Puis la pièce commence, interprétée par Firmin Gémier et Louise France. C'est une farce mêlant satire, parodie et humour scatologique, et narrant les aventures de Père Ubu, qui assassine le roi Venceslas avant de prendre le pouvoir. Tout au long de la pièce, le mot "merdre" est répété par les personnages. Le public s'indigne, comme le relate Gil Blas le lendemain :
"Comme la veille, à la répétition générale d'Ubu Roi, la première représentation du théâtre de l'Œuvre a été troublée par des protestations tumultueuses. Des cris, des vociférations, des quolibets à l'adresse des artistes partaient de tous les coins de la salle."

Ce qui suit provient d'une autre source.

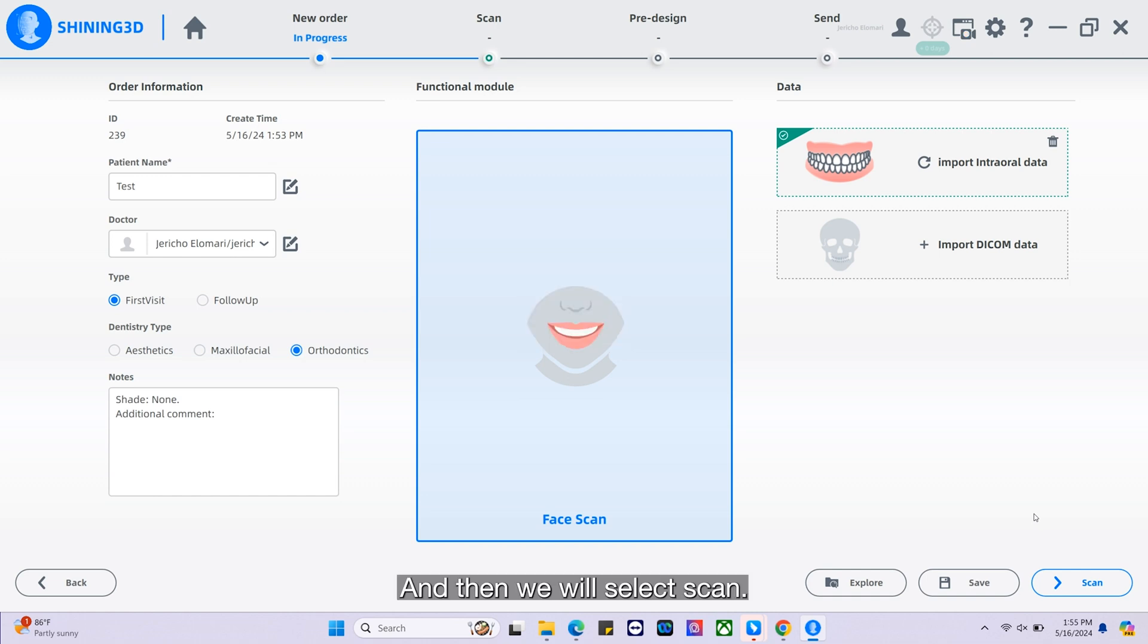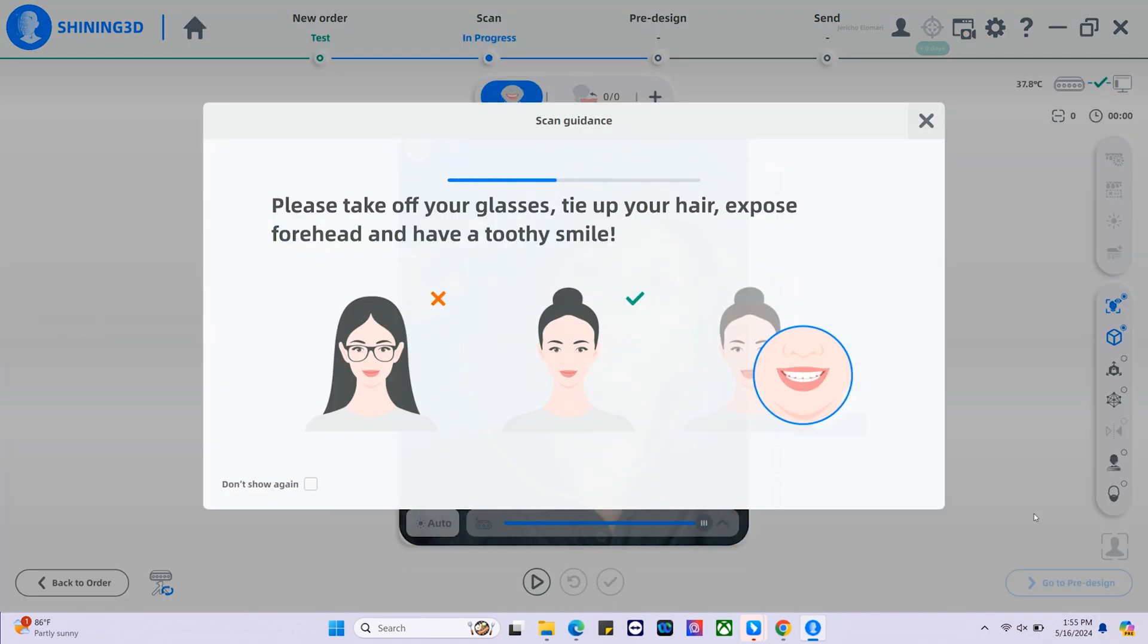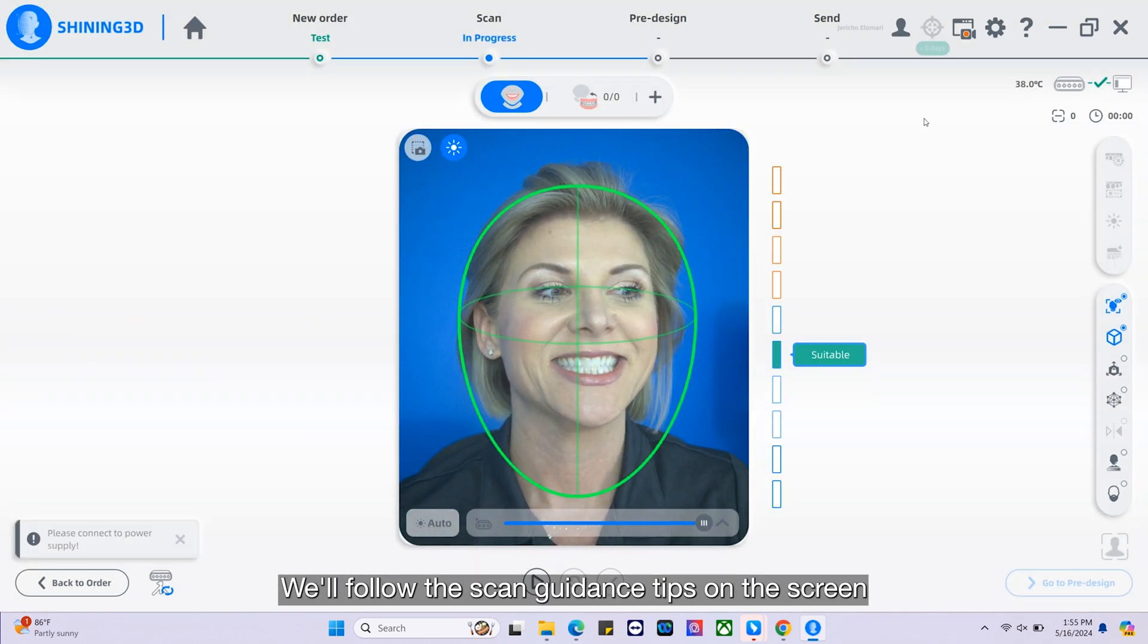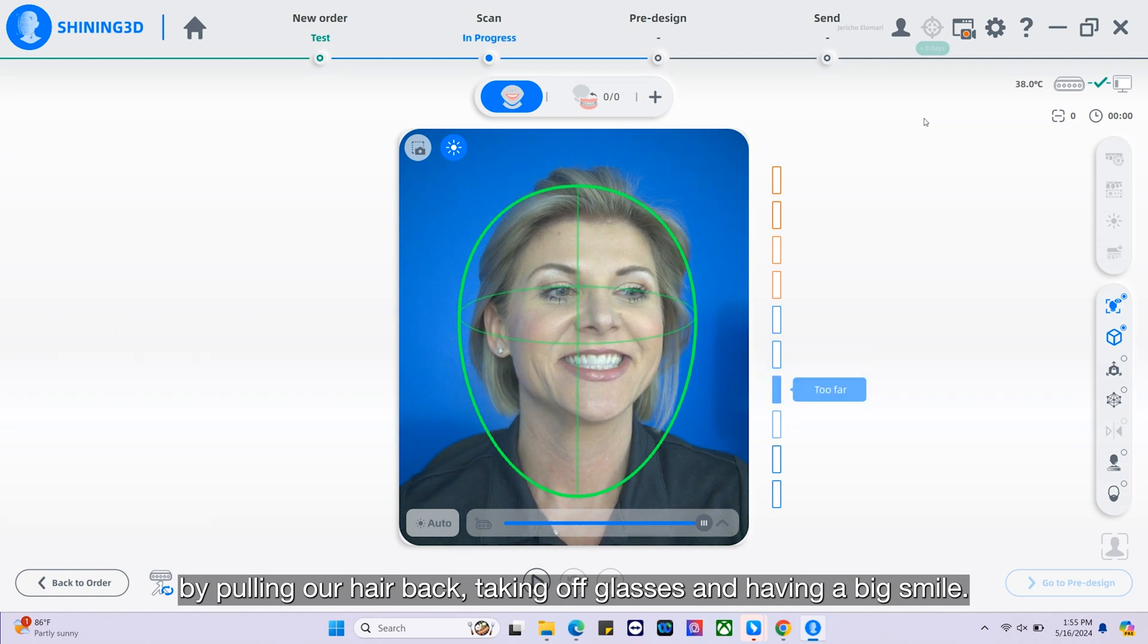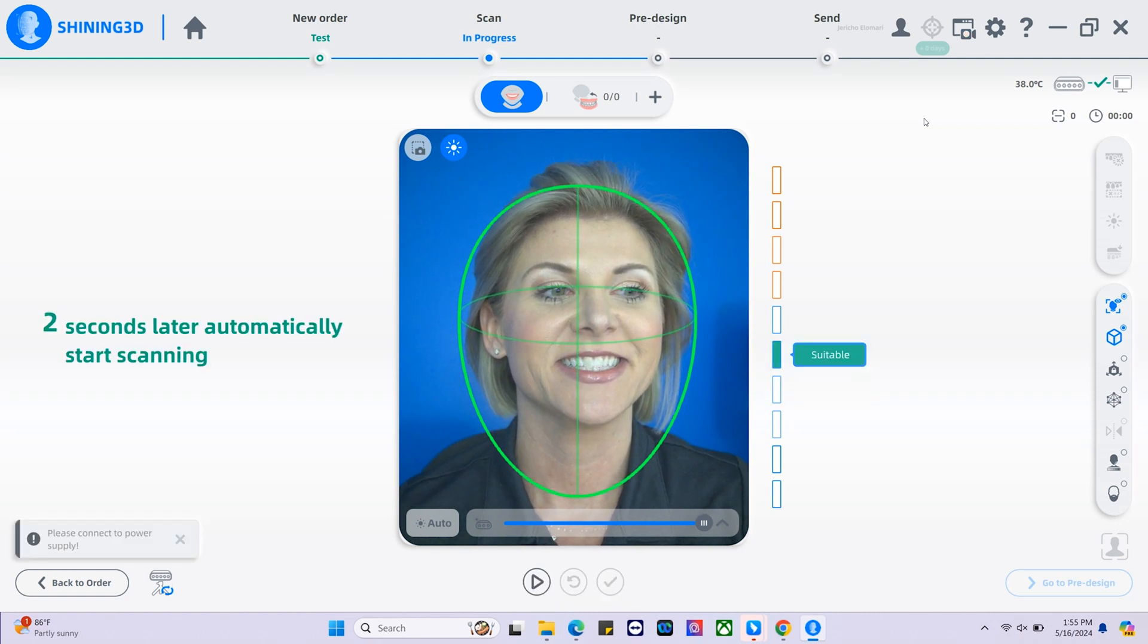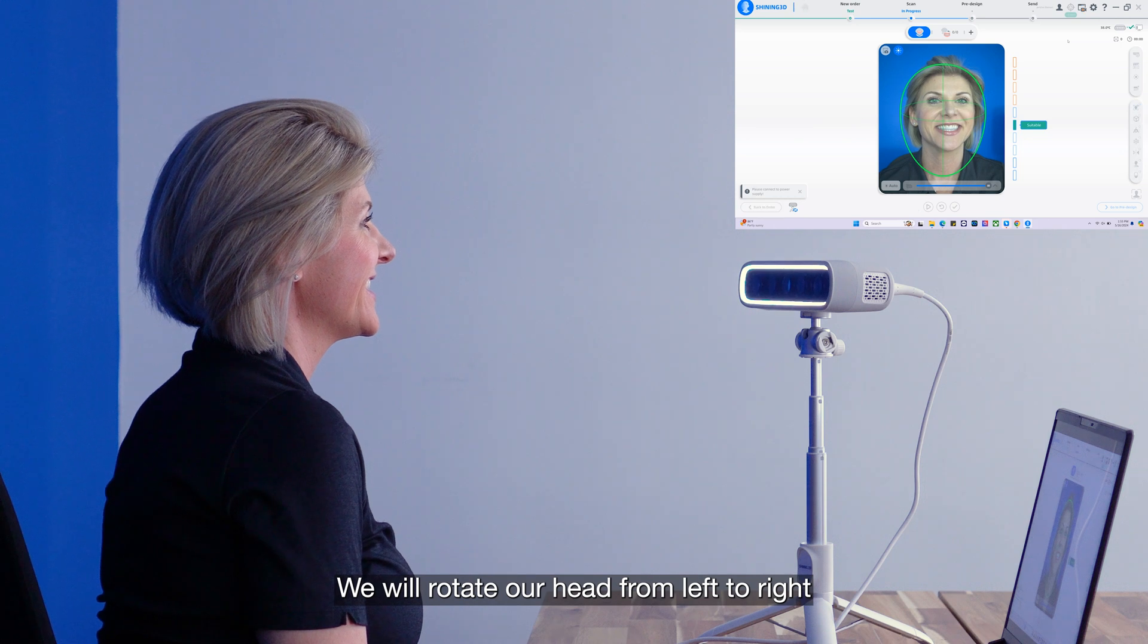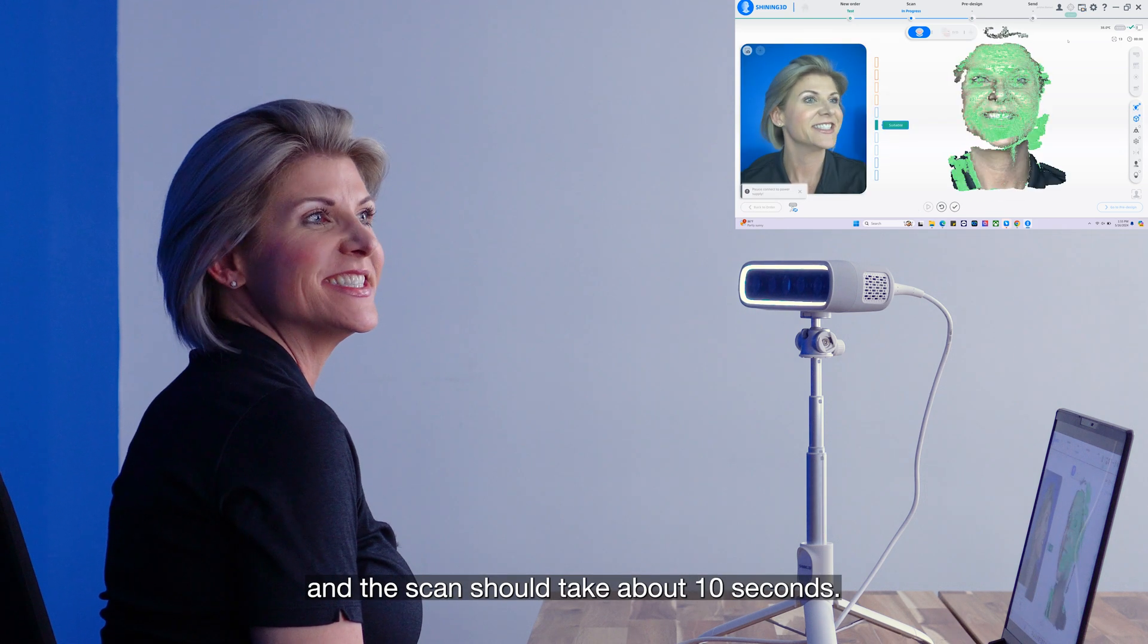And then we will select scan. We will follow the scan guidance tips on the screen by pulling our hair back, taking off glasses, and having a big smile. We will rotate our head from left to right. The scan should take about 10 seconds.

Les critiques ne sont pas tendres avec Ubu Roi, qui rompt avec la plupart des conventions théâtrales de l'époque. La plupart des journalistes ne voient là qu'une mauvaise plaisanterie, telle La Caricature du 19 décembre qui écrit :
"Ubu Roi a déconcerté le public, parce que l'on a voulu nous persuader que c'est une œuvre recélant de profonds symboles et d'admirable psychologie. Or, il n'y a rien de cela là-dedans ; il y a de la fumisterie médiocre et de la basse scatologie."

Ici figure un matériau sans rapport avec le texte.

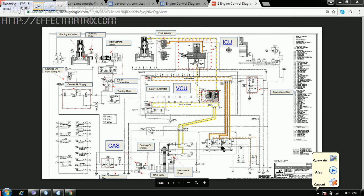Then we have got the fuel pump one, two, three and the actuators.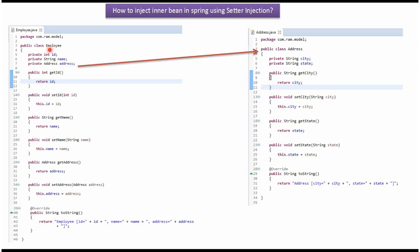Here I have defined the class employee. It has three properties: id, name, and address, and setter and getter methods for these three properties. And here I have overridden toString method.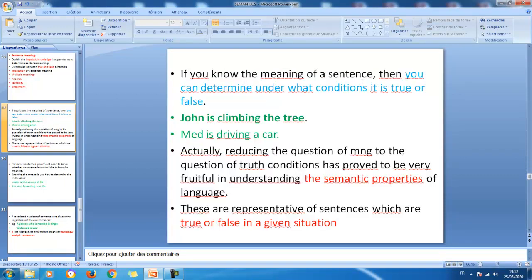If you know the meaning of a sentence, you can determine under what conditions it is true or false. For example, 'John is climbing the tree' is a simple sentence that can be uttered in any situation. This sentence can be true if it meets what we call truth conditions — there should be somebody called John who is able to climb, and there should be a tree. If you are in a forest and you see someone climbing the tree, this sentence is true.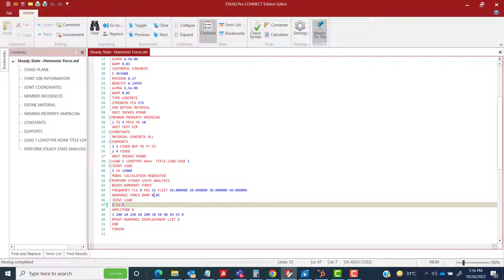After damping, you define joint loads again. Many STAAD users get confused about why there are two places to define joint loads. These are actually two different locations serving two different purposes. The first joint load definition is for mass modeling. The second joint load definition here is not for mass — it is for the force imparted by the machine.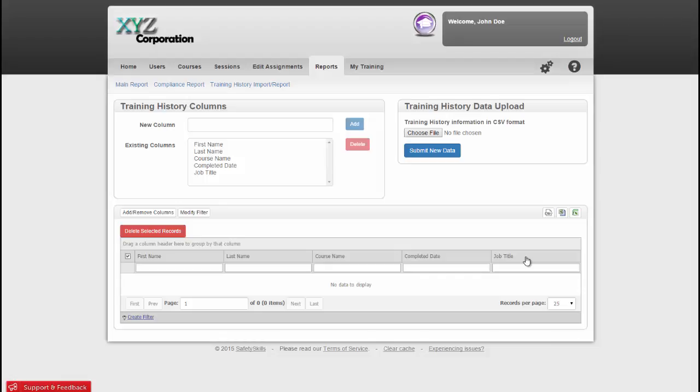Once all of your columns are how you want them, you'll need to fill out your previous training history on an Excel spreadsheet with matching column headings. You'll save that document as a CSV like we did earlier for our learner upload, and then you can upload it here.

Le Figaro du 11 décembre, choqué par la répétition du mot "merdre", parle d'Ubu Roi comme d'une "grossière parodie de Macbeth", avant d'ajouter :
"Pour la langue, c'est un pastiche superficiel de la langue de Rabelais, dont les ordures sont surtout retenues et répétées avec amour. Le mot de malappris que Cambronne fit un instant sublime en le disant une fois devant la mort, est répété à tout propos, faisant la farce ignoblement scatologique, d'une malpropreté vraiment trop facile."
Plus loin, le critique accuse Jarry de snobisme et se félicite des sifflets qui ont retenti pendant la représentation.
"On a trop demandé à la complaisance du public et trop compté sur sa docilité. Il s'est fâché et ce n'est pas sans quelque joie que j'ai assisté à la révolte !"
Dans L'Écho de Paris, en revanche, l'écrivain et polémiste Henry Bauër, farouche partisan des avant-gardes, est l'un des seuls à défendre la pièce de Jarry. L'ayant lue avant la première représentation, il écrivait déjà le 23 novembre :
"C'est une farce extraordinaire, de verbe excessif, de grossièreté énorme, de la plus truculente fantaisie recouvrant la verve mordante et agressive, débordant de l'altier mépris des hommes et des choses ; c'est un pamphlet philosophico-politique, à gueule effrontée, qui crache aux visages des chimères de la tradition et des maîtres inventés selon les respects des peuples."
Après le scandale de la première, Bauër en appelle à Rabelais pour justifier le fameux « merdre » prononcé par Ubu. Ce qui lui vaut quelques réponses bien senties. La polémique enfle : accusé par l'article du Figaro de faire régner la "Terreur" sur les lettres françaises, il répond le 19 décembre.
"Mieux vaut encore, dans la nouveauté, une clameur même outrancière que les bafouillements séniles du vieux théâtre et les troubles clapotis de l'éclectisme."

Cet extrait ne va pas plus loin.